Ron Gassert

No. 73, 71
- Position: Defensive tackle

Personal information
- Born: July 22, 1940 Campbelltown, Pennsylvania, U.S.
- Died: October 8, 2022 (aged 82) Southampton, New Jersey, U.S.
- Listed height: 6 ft 3 in (1.91 m)
- Listed weight: 260 lb (118 kg)

Career information
- High school: Bordentown Military Institute (Bordentown, New Jersey)
- College: Virginia (1958-1961)
- NFL draft: 1962 (4th round, 56th overall pick)
- AFL draft: 1962 (13th round, 99th overall pick)

Career history
- Green Bay Packers (1962); Philadelphia Bulldogs (1966); Wilmington Clippers (1967); Pottstown Firebirds (1968-1969);

Awards and highlights
- NFL champion (1962); 2× Second-team All-ACC (1960, 1961);
- Stats at Pro Football Reference

= Ron Gassert =

American football player (1940–2022)

Ronald Earl Gassert (July 22, 1940 – October 8, 2022) was an American football defensive tackle in the National Football League (NFL) for the Green Bay Packers.

==Biography==
Gassert graduated in 1957 from Rancocas Valley Regional High School in Mount Holly, New Jersey. He played college football at the University of Virginia, where he was a defensive end.

Gassert was drafted by the Packers in the fourth round (56th overall) of the 1962 NFL draft. He was also drafted by the Buffalo Bills in the 13th round (99th overall) of the 1962 American Football League draft.

Ron was a member of the 1962 NFL Championship Green Bay Packers.

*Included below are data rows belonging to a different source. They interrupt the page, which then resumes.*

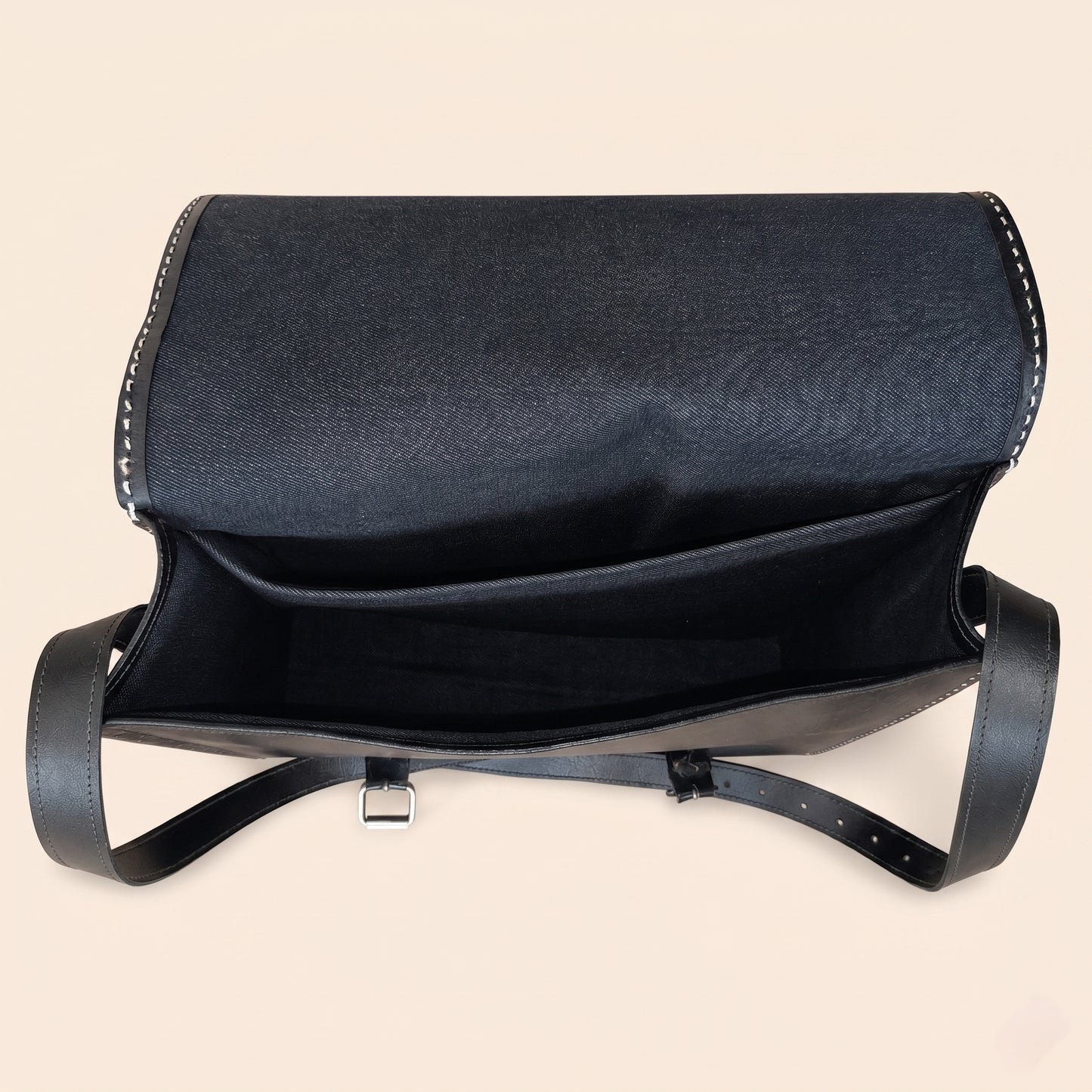 Leather Laptop Bag SKU - CAC-LB-L-1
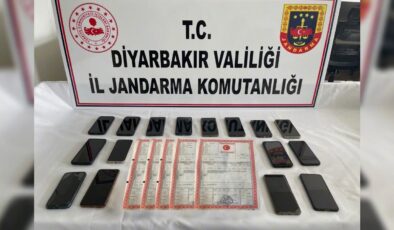 Diyarbakır’da 15 Milyar Liralık Kara Para Operasyonu: 18 Şüpheli Yakalandı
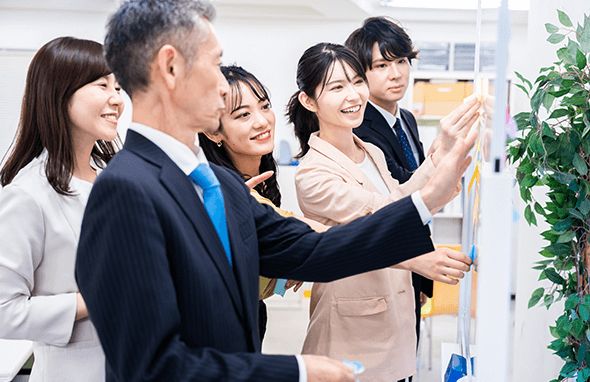 >「ブランディング活動」のファーストステップ！「インナーブランディング」の重要性！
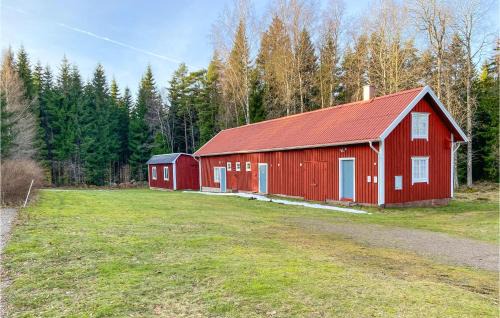Bredaryd House | Awesome Home In Bredaryd With Wifi
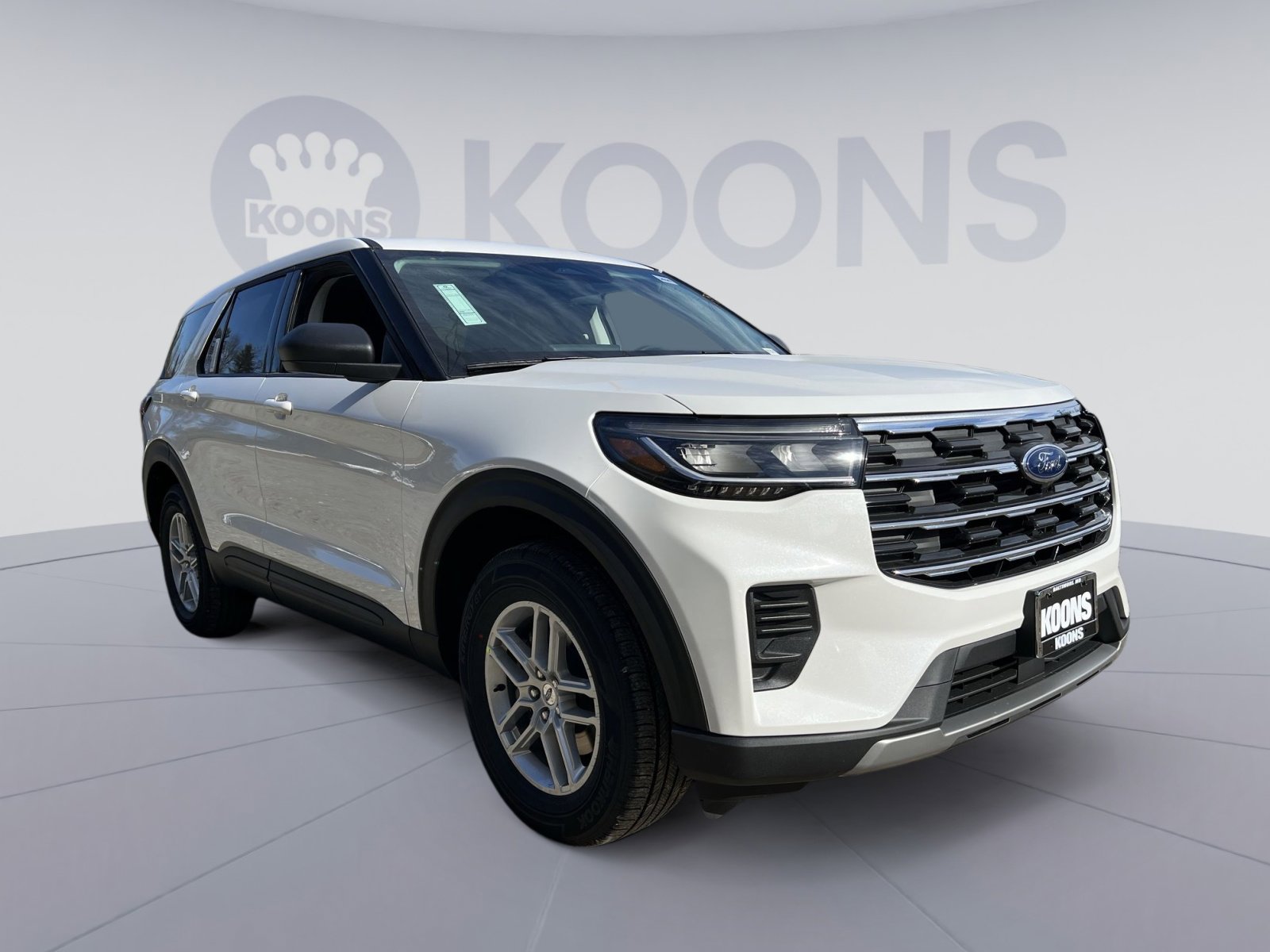New 2026 Ford Explorer Active image 10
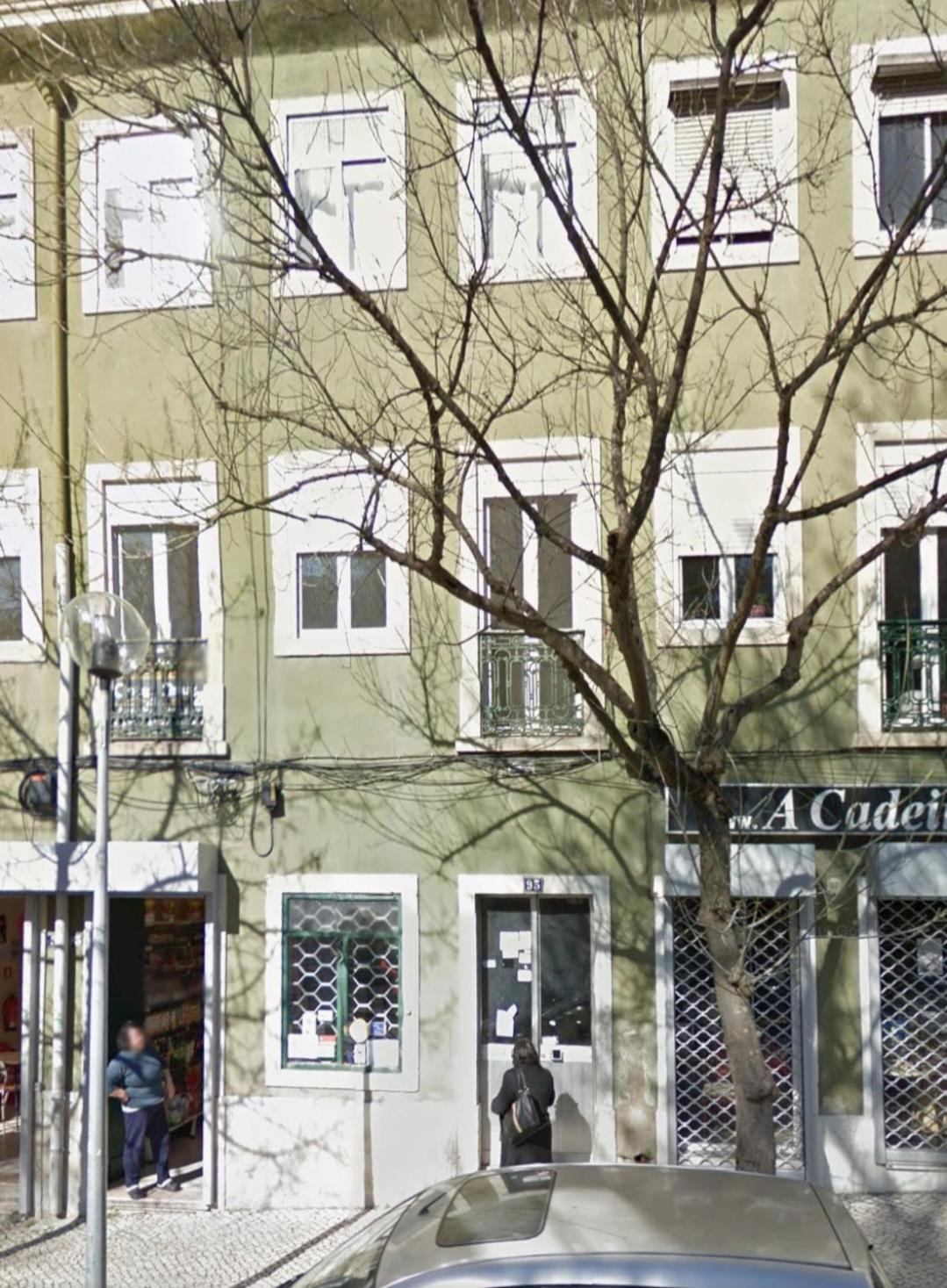 Comfy 3 Bedroom Apartment Campo De Ourique Lisboa Exterior foto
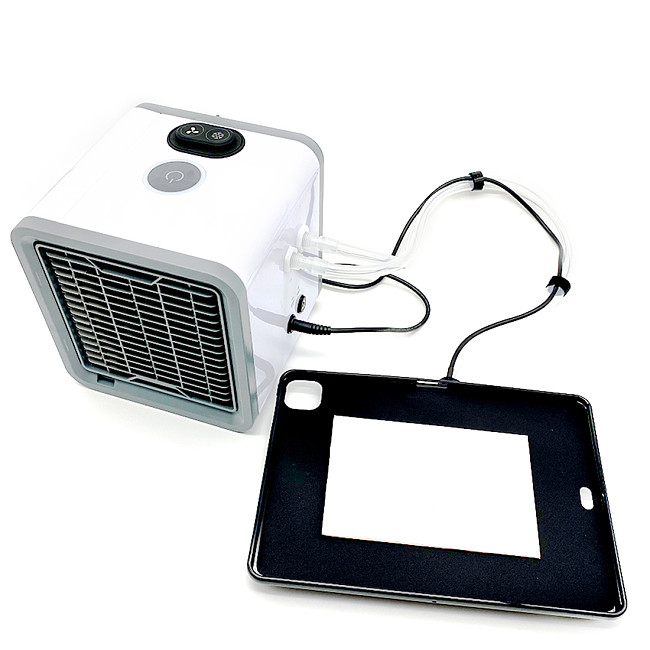 iPad Cooler Water Cooled Semiconductor Radiator (iPad Case Version)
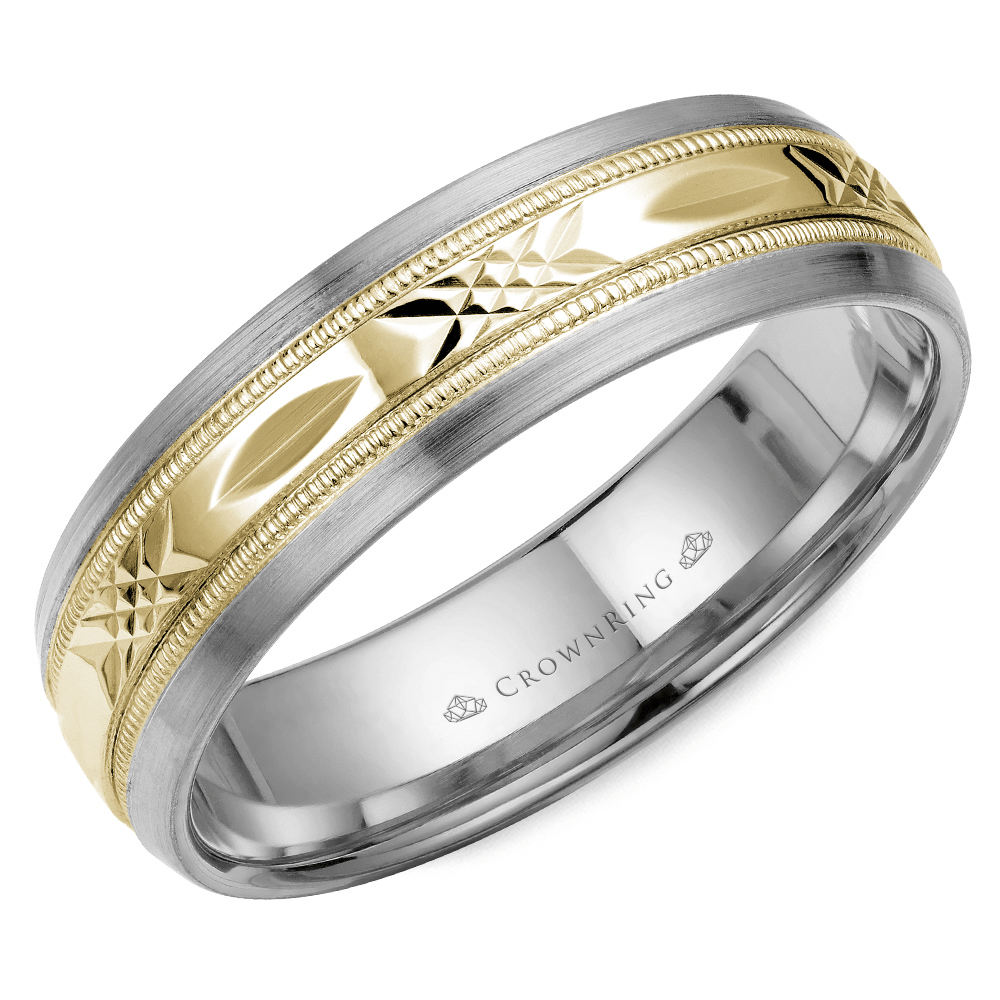 Men's Wedding Band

In 1966, Gassert finished his career with the Philadelphia Bulldogs of the Continental Football League, helping to lead the team to the 1966 CFL Championship.

Gassert penned a fictional western novel titled Driven.

After working for thirty years as a banker, Gassert and his wife began a business building furniture that they sold at craft shows. A resident of Medford, New Jersey, Gassert served on the board of education of the Lenape Regional High School District.

==Death==
Gassert died on October 8, 2022, at the age of eighty-two.